Author: Ticker Magazine
Last Update: Jul 13, 1:18 PM ET
Combining stocks and bonds offers investors the potential to capture most of the upside while limiting the downside of volatile stock markets. Mark DeVaul and Gary Cloud, portfolio managers of the Hennessy Equity and Income Fund, focus on investing in quality dividend-paying stocks and investment-grade corporate bonds with the objective to generate alpha along with the benefit of downside protection.

“The fund’s goal is to capture most of the market upside as measured by the S&P 500 Index and limit the downside. Over the last 10 years, the fund has captured 84% of the market return with 41% less volatility.”
Q: What is your definition of risk? How do you control it?

A: For us, risk is permanent loss of capital, so we focus on left-tail risk for every name. We seek companies with sustainable competitive advantages, then to attempt to limit the downside, we look further to identify those with a strong balance sheet. For each holding, there are also additional steps taken which have the potential to limit potential downside even more.

Our risk-management process is all bottom-up and uses conservative assumptions when calculating the intrinsic value of a security. Moreover, our balance sheet optimization model recognizes each position will be a meaningful one.

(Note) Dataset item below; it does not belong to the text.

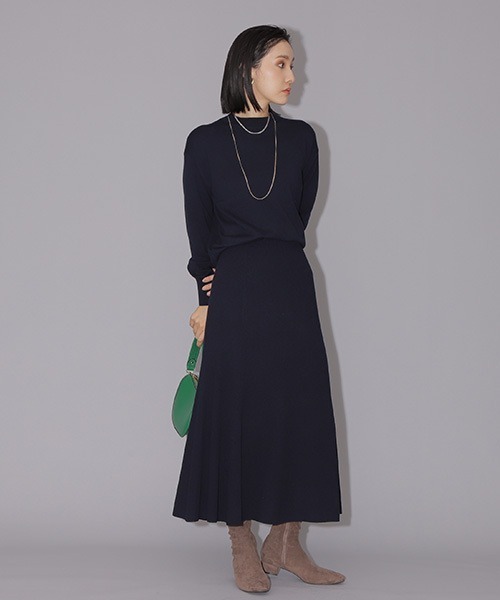 NATURAL BEAUTY BASIC（ナチュラルビューティーベーシック）の「ゴアードスカートニットセットアップ（ワンピース・レディース・ベージュ/イエロー/ネイビー・SMALL/MEDIUM）」の2枚目の写真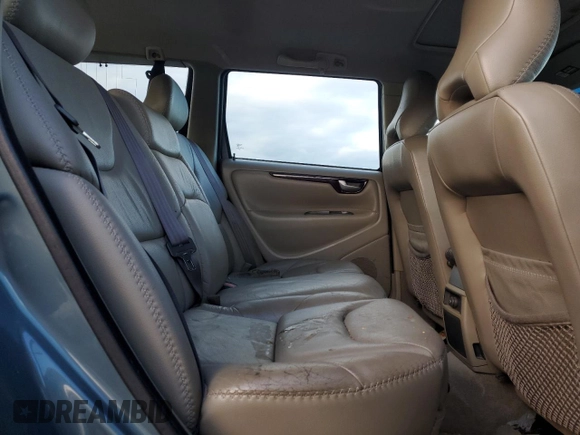 2002 Volvo V70 with VIN YV1SZ58D321079092, listed as a Copart auction lot 43993605 with Not provided miles and Clean title. Bid and sale history available at DreamBid. Image 10.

On the fixed-income side of the portfolio, we are aware that we live in a world of asymmetrical return – which means that in the best-case scenario, we get paid the coupon and our principal returned, but if things go wrong, we could lose a portion of our invested principal.

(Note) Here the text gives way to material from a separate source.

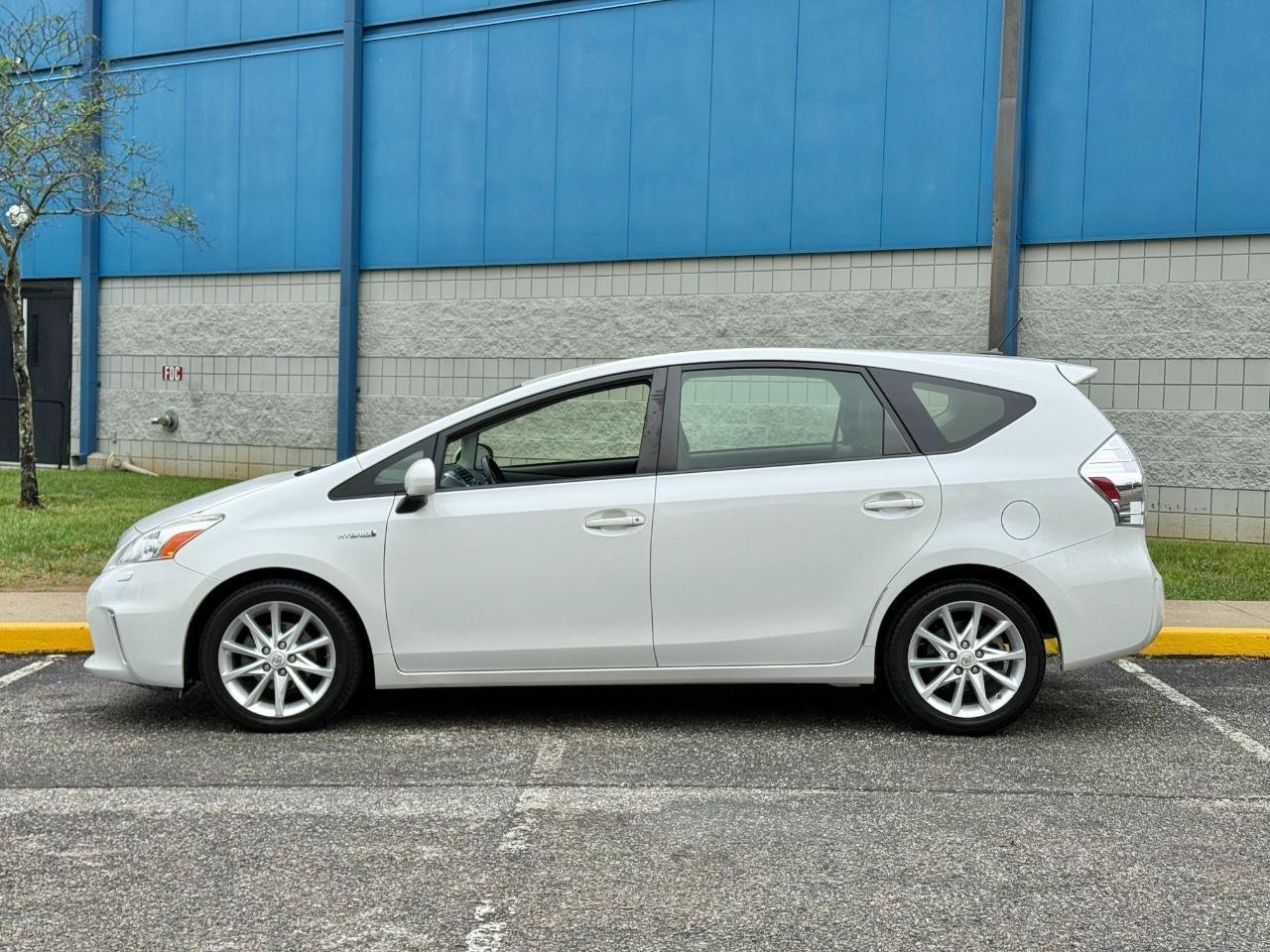 Used 2013 Toyota Prius V Five FWD image 8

Controlling risk, in our opinion, is about continuously monitoring the creditworthiness of the bonds we own, and a large part of that requires simply watching what’s going on with the underlying equity. It would not be positive for credit performance if a stock price dropped 20% or 30%, so we always pay attention to the companies and industries we own on both the debt and equity sides of the ledger

Finally, our incremental approach attempts to limit losses and risks. Because market conditions or circumstances around a particular issue can change overnight, we limit exposures and spread holdings across several names.